What sets Latiff apart from his peers is his high seriousness of purpose and his pursuit for “the fusion of aesthetics and ethics”. Latiff is focused and persistent in his art-making career: “I prefer to take the series through and through – until it is exhausted technically – then I stop.”
Latiff Mohidin held his first one-man show at the age of eleven, a remarkable event which hailed him as a ‘wonder-boy’. He had spent the year before drawing and painting portraits on the pavement outside Raffles Hotel in Singapore to earn money to purchase art materials. “The exhibition was my first realisation that I enjoyed painting and drawing,” Latiff reminisces.
Upon completing his secondary school education, Latiff won a scholarship from the German government to study art at the Hochschule fur Bildende Kunste in Berlin in 1960. Commenting on this fortunate event, “In retrospect, I think I was very lucky to have been sent to Germany and not to London where most Malaysians were sent.
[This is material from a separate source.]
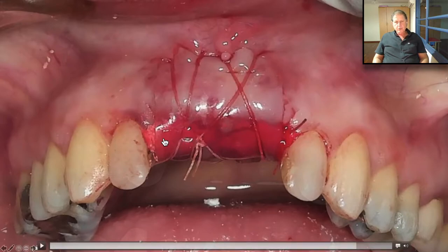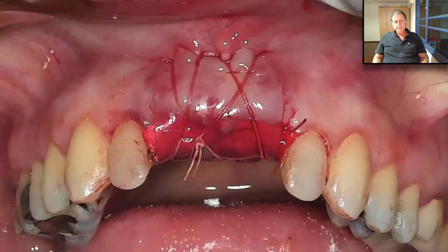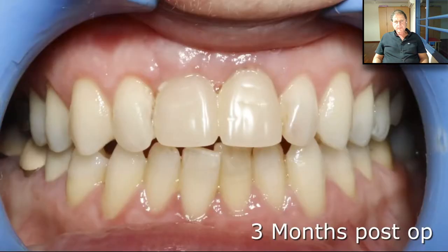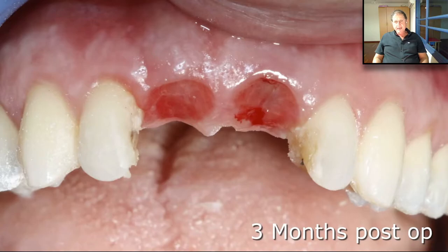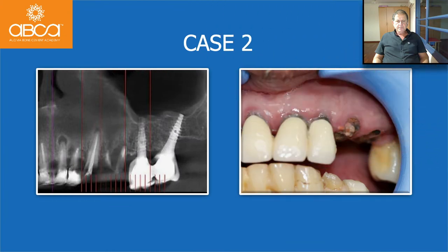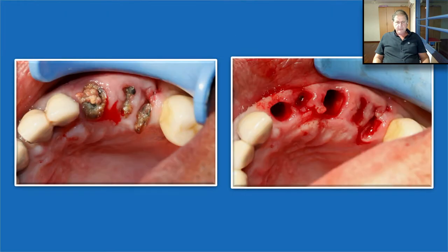Don't forget, everything here was open. Seven days post-op, that's how it looks. Three months post-op, you can see that the papilla is perfectly in place, and everything shows wonderful keratinized tissue. We can also do this when we need to reconstruct the ridge after many extractions — let's see how simple it is.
It gave me a broader exposure to Europe, in part because I was alone and had to mix with my German contemporaries.” The benefit of being exposed to the German language had certainly impacted Latiff’s pursuit to translate the plays of Buchner’s Woyzeck and Goethe’s Faust. The latter has also resulted to the collection of Serangga which was exhibited at Sasana Kijang, Bank Negara Malaysia’s museum earlier this year. The series consisted of 33 mixed media pieces worked on hand-made Tibetan paper, depicting the insect world.
Over 300 works spanning 60 years of Latiff’s creative career is currently on view at 6 Decades of Latiff Mohidin: A Retrospective exhibition at the National Visual Arts Gallery, Kuala Lumpur which runs till June 2013.
Abdul Latiff Mohidin is a national treasure, much admired for his oeuvre in painting, printmaking and sculptures as well as his poetry and books on aesthetics. Interest in Latiff has risen greatly in recent years, as he is the only survivor of the Big Three of Malaysian Abstractions – the two others being Datuk Ibrahim Hussein and Datuk Syed Ahmad Jamal. Further to his graduation from the German academy, DAAD (Deutscher Akademescher AustGuschdientst), he explored printmaking at the Atelier La Courrier in Paris and the Pratt Institute in New York in 1969. His first major art prize was the Second Prize (Graphic) in the 1968 Salon Malaysia. As a writer, he won the Malaysian Literary Awards consecutively from 1972 to1976, the coveted Southeast Asian Writers Award in Bangkok in 1984, and the National Literary Award in 1984 and 1986. He was a Creative Fellow at Universiti Sains Malaysia in 1977 and a Guest Writer of the Dewan Bahasa dan Pustaka in 1988.
REFERENCE
Pago-Pago to Gelombang: 40 Years of Latiff Mohidin, Singapore Art Museum, 1994.
L.I.N.E. Latiff Mohidin: From Point To Point, Dewan Bahasa dan Pustaka, Kuala Lumpur, 1993 (translated by Adibah Amin).
Garis: Works On Paper – From Berlin to Samarkand, 2004.
Journeys through Southeast Asia, Ceritalah 2, Kalim Raslan, Times Books International, 2002.